Thursday, July 25, 2013
How to Plan Your Homeschool Year :: Step 1 Goal Setting
I've decided to do a series of posts based on the workshops I've done for homeschoolers over the course of the past several years. If you're just starting out or considering homeschooling your child or children, there are definitely steps you can take to make this process less overwhelming and stressful.
I'll start by saying that the fact you've decided to take full responsibility for providing your child/ren with a learning rich environment and thus opening up the world to him/her/them is admirable. You may be feeling excitement about your decision and as you explore the world of homeschooling may also feel lost in the sea of all your options. Surprisingly enough there are a great number of options now readily available to homeschoolers now days. There are more and more families opting to homeschool for various reasons and thus there is a large market now just for us.
Before we delve into all those options, it is extremely important that you and your partner or spouse, if applicable, sit down and have an in depth conversation about your ideas, hopes and goals for this endeavour as a family. Every family is different and thus your family's goals should reflect this.
It's so easy to look at what another family is doing and try to mimic it to a 'T' and when things don't work out the same way you become frustrated and forget all your reasons for wanting to homeschool in the first place.
Here are some questions to start you thinking about your goals. You can answer them for yourself to begin with and then ask them again during the discussion with your partner.
Why are you homeschooling?
What are your goals as a family?
What kind of children are you wanting to develop?
What are your hopes for who they will be (not career wise, but people wise; who do you want them to be)?
What things are important to you?
What things do you want your children to be able to do?
What things do you want your children to know?
What things do your children want to be able to do? To know?
And these are only the beginning questions. Let your discussion cover not only the hopes and dreams for your family but also the practical things you want to do as well (i.e. places you want to do, activities you want to do).

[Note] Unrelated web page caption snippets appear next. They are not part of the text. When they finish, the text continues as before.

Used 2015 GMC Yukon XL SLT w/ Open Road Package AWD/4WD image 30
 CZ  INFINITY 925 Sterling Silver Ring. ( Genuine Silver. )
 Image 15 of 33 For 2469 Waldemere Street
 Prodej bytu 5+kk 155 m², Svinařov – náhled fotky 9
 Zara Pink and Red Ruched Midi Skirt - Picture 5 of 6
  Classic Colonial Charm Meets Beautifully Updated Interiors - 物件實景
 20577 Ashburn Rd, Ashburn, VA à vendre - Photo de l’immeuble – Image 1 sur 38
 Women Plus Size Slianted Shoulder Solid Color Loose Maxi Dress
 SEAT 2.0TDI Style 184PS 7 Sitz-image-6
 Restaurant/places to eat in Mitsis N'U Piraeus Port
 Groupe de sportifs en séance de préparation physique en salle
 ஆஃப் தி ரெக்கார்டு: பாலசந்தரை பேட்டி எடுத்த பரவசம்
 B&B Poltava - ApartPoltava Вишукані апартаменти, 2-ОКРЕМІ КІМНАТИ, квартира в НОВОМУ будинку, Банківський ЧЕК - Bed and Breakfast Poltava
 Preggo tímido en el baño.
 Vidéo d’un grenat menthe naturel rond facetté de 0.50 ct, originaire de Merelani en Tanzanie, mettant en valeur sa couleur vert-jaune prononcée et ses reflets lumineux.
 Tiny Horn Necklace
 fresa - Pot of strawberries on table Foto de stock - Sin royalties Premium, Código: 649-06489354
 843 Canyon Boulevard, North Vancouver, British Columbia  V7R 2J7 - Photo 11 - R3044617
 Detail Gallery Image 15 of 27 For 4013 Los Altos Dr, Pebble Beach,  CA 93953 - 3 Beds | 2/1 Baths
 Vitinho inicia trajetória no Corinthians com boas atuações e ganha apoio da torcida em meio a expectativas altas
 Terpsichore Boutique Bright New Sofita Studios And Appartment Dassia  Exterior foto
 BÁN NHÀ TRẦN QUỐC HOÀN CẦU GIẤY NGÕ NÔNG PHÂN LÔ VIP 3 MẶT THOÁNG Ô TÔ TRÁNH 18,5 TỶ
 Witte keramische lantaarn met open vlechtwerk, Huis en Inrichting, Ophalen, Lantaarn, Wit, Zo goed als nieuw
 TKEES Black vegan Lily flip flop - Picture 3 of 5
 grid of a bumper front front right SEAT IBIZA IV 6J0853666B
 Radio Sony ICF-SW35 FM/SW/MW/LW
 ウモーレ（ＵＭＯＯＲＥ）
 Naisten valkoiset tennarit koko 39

After identifying your goals continue talking. Talk about the financials of what homeschooling requires.
What is your yearly budget for homeschooling going to be?
What will your monthly budget be?
Will you look into purchasing memberships and subscriptions?
What about field trip costs?
Will you be traveling as part of your homeschooling? How will you plan for these expenses?
What about school supplies?
What about homeschool group or co-op fees?
Will you be attending conferences and workshops to develop your skills or to learn more about specific curriculum?
How much money will you set aside for package curriculum?
There are lots of free and nearly free resources readily available online and deals offered specifically for homeschooling families to attend museums, etc. However, having a definite budget for your homeschooling is still necessary.
This discussion may turn into several discussions that take place over the course of a week or two. Take all the time you need to get on the same page about homeschooling. This is extremely important as you start out--to be on the same page. I've spoken with many homeschooling mothers who have not had the support of their partners/spouses. Homeschooling is already a challenging venture for many, add not having the support of your partner/spouse and this can raise the level of stress for you and everyone in the home. Make the time for this foundational discussion.
At the end of your discussions, you should be able to write out clear goals for your homeschooling journey and/or year. By determining what your goals are each next step will become surprisingly easier. If you've been homeschooling for a while and haven't done this yet--setting goals--it's never too late to take some time to do it. I have personal found that by doing this I'm less likely to 'jump on a bandwagon' or spend money without thinking things through. I know what our goals are for our family and can quickly steer clear of things that may initially catch my eye but don't match up well with where we're headed as a family.